How to store a substring given a delimiter in C


Let's say I have a series of data that's in this form:

"SomethingIDontCareAbout : SomethingICareAbout"

where the part after the ":" can vary in length of course.

The goal here is only storing the "SomethingICareAbout" substring efficiently. I made this function but the problem is that I'm storing both substrings,so it seems like a waste of memory. Any help to reduce to the time/space complexity?

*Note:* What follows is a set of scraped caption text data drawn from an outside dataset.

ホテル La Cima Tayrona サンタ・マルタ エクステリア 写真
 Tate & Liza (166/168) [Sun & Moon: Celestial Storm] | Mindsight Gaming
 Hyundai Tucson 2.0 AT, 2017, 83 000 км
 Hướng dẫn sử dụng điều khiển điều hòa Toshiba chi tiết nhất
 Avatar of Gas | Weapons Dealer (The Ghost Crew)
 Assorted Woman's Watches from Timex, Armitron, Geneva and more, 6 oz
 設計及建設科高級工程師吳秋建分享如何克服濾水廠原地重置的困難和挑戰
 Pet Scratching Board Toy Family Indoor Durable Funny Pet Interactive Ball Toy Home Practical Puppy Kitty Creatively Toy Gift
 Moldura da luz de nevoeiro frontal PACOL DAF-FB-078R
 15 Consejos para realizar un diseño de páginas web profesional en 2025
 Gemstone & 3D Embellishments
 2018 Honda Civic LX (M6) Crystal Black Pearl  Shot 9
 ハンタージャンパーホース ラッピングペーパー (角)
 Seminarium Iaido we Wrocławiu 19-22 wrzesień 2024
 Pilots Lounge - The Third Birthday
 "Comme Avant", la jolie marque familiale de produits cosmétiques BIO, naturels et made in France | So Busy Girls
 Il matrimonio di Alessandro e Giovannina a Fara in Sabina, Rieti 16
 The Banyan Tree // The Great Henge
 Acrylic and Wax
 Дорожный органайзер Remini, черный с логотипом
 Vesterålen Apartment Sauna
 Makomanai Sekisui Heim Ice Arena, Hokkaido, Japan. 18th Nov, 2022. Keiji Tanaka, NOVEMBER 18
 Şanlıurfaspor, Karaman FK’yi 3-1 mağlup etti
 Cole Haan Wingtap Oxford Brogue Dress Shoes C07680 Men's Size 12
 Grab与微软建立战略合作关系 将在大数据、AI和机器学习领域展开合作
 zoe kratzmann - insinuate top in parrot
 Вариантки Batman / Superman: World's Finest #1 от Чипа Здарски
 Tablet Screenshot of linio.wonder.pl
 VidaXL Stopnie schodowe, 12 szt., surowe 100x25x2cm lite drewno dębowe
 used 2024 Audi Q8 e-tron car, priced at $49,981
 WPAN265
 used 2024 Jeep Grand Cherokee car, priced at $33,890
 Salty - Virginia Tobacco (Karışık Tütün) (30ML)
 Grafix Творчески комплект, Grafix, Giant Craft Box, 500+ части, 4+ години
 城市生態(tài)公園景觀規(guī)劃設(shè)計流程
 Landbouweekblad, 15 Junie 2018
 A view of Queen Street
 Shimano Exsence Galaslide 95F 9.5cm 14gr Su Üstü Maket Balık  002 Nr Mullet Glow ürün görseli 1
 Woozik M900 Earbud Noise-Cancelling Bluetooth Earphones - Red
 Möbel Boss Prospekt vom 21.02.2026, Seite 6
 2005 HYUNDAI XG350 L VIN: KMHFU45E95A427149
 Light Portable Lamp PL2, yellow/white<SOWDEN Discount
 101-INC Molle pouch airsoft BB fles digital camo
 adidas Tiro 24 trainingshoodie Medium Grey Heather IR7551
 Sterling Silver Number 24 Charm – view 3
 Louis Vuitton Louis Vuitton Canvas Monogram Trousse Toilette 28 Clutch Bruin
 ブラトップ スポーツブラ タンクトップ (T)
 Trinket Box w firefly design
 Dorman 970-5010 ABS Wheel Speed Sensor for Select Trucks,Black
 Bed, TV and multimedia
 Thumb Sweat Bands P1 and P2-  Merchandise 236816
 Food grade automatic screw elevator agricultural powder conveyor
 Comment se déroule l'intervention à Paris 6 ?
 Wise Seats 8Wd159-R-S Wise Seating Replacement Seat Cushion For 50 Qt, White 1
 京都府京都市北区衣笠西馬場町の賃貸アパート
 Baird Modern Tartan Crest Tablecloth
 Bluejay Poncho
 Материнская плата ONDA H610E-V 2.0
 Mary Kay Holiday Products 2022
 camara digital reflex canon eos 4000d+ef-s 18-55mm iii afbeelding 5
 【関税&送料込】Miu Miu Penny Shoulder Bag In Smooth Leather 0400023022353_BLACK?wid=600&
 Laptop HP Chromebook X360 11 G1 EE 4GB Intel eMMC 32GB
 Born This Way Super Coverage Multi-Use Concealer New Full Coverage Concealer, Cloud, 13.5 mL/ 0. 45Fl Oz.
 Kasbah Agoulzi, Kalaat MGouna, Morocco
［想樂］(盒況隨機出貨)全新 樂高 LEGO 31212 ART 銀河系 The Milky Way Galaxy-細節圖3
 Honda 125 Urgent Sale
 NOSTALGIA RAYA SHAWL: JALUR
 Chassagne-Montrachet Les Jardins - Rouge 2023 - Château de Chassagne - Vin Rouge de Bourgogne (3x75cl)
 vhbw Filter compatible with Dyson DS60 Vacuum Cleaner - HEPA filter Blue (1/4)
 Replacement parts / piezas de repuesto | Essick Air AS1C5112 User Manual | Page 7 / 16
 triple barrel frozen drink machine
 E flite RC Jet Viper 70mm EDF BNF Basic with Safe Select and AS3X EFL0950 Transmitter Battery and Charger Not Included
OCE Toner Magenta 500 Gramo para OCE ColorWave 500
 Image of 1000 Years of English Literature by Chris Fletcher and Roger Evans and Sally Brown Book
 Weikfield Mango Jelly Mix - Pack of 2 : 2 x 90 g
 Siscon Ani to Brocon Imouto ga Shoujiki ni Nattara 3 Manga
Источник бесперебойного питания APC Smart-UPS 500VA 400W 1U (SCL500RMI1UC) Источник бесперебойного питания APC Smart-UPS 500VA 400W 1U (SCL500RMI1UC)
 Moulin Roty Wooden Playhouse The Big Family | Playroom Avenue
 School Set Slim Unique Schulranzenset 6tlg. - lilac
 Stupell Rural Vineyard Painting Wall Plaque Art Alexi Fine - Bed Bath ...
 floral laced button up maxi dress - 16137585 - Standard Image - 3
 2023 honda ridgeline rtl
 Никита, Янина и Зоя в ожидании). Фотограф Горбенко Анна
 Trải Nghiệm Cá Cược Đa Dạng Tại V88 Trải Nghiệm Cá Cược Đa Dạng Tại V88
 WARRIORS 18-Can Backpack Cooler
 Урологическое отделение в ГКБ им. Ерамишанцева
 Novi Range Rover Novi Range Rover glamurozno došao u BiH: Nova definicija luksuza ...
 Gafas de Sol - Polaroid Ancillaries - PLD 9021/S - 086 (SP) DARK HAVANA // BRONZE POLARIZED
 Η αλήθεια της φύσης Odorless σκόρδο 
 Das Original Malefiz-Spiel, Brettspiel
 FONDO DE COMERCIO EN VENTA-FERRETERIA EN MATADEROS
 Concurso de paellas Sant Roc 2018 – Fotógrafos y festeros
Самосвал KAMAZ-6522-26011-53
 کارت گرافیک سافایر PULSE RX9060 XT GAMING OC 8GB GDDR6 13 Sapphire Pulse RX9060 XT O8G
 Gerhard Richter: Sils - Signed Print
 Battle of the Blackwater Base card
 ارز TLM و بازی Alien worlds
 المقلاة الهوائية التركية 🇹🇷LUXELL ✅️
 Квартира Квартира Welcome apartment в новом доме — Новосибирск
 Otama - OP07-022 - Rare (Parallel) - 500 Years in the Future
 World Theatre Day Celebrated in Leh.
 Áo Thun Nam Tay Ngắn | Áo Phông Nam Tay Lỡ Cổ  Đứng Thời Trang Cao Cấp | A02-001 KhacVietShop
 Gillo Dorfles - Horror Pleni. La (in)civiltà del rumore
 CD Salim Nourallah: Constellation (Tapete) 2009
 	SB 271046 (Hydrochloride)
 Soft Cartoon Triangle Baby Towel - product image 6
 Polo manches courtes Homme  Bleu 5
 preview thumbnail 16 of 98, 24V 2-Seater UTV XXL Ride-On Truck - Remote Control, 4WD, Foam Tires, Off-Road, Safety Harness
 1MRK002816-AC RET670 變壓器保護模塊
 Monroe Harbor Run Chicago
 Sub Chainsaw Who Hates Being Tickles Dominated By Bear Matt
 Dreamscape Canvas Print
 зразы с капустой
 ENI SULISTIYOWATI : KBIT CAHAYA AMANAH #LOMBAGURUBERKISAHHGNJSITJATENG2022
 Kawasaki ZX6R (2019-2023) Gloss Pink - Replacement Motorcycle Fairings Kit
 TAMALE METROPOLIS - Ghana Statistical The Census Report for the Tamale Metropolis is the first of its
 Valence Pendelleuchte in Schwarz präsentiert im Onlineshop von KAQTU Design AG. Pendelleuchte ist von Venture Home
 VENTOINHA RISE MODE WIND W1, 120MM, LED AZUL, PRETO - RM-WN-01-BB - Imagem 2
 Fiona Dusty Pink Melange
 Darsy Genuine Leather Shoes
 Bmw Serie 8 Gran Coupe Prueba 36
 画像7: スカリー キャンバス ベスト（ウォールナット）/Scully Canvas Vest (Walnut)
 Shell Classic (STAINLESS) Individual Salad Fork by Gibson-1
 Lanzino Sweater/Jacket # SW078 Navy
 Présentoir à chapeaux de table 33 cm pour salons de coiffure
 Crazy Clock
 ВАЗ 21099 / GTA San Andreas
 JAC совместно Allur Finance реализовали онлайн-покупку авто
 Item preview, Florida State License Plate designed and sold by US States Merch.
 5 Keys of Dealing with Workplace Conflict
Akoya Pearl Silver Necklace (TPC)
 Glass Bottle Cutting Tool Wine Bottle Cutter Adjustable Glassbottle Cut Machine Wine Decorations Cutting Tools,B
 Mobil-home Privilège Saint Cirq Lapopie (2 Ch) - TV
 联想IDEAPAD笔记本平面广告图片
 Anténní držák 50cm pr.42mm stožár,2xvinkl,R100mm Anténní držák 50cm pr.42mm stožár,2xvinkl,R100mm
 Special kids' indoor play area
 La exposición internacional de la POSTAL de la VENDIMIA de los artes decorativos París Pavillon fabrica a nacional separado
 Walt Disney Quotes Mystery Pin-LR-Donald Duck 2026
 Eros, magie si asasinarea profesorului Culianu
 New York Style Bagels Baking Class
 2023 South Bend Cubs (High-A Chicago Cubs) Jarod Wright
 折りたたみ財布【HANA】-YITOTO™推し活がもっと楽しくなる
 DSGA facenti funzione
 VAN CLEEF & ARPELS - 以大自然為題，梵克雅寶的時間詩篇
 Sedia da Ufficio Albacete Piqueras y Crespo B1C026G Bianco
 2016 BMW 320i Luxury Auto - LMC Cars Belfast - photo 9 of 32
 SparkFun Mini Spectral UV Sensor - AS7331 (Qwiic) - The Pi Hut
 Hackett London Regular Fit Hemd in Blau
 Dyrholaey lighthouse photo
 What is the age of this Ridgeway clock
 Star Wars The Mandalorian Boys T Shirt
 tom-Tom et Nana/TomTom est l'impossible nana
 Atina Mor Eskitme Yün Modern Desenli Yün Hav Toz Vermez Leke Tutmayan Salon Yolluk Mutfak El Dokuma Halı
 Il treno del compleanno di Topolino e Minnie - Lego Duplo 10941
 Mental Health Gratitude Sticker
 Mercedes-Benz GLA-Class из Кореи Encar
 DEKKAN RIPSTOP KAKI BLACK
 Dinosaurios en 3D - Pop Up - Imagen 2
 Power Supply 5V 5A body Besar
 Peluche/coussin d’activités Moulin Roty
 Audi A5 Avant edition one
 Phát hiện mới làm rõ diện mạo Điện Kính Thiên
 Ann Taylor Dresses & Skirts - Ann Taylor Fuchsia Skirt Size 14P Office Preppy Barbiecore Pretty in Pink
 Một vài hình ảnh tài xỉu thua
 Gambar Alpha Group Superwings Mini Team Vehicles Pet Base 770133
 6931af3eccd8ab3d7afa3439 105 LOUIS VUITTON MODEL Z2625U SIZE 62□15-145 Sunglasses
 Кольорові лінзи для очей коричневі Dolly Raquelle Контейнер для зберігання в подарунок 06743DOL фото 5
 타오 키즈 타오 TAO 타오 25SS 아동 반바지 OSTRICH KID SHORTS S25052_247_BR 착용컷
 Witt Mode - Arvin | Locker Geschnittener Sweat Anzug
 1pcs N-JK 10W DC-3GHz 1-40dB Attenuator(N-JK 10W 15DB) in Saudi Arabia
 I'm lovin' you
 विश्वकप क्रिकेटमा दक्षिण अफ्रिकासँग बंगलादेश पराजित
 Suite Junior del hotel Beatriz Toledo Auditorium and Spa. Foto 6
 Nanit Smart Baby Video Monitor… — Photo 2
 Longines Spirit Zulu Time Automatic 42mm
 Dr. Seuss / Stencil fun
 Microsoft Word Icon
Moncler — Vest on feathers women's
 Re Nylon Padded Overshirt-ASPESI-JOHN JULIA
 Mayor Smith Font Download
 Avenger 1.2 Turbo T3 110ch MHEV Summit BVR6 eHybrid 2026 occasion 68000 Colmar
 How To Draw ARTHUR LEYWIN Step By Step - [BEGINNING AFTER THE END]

char** ExtractKey(char* S)           
{
    int n = strlen(S);
    int count = 0, i = 0, j = 0;
    for(i = 0; i < n; i++)
    {
        if(S[i] == ':')
            break;
        
        count++;
    }
    char** T = (char**)malloc(2 * sizeof(char*));

    T[0] = (char*)malloc((count + 1)  * sizeof(char));
    T[1] = (char*)malloc((n - count) * sizeof(char));

    for(i = 0; i < count; i++)                          // inefficient ? cus we won't need T[0] [j]
    {
        T[0][j] = S[i];
        j++;
    }
    T[0][j+1] = '\0';
    j = 0;
    for(i = count + 1; i < n; i++)
    {
        T[1][j] = S[i];
        j++;
    }
    T[1][j+1] = '\0';
    return T;
}

Solution

  • There is no reason to invent a search for a character in a string, or a copy of a string.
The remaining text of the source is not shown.